§ Caption-style text data:
Start of Block

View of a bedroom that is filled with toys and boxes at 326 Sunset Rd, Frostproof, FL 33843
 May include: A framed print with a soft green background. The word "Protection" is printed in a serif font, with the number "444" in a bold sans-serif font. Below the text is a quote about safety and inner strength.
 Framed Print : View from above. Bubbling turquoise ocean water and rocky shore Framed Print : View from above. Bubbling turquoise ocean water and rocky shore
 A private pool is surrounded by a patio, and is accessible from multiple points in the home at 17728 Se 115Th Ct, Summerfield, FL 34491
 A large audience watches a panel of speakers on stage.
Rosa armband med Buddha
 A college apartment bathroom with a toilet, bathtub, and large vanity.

End of Block

§ What you should do: From the line containing "May include: A" to the final line of the data, repeat each line exactly. Include both ends.

§ Solution:
 May include: A framed print with a soft green background. The word "Protection" is printed in a serif font, with the number "444" in a bold sans-serif font. Below the text is a quote about safety and inner strength.
 Framed Print : View from above. Bubbling turquoise ocean water and rocky shore Framed Print : View from above. Bubbling turquoise ocean water and rocky shore
 A private pool is surrounded by a patio, and is accessible from multiple points in the home at 17728 Se 115Th Ct, Summerfield, FL 34491
 A large audience watches a panel of speakers on stage.
Rosa armband med Buddha
 A college apartment bathroom with a toilet, bathtub, and large vanity.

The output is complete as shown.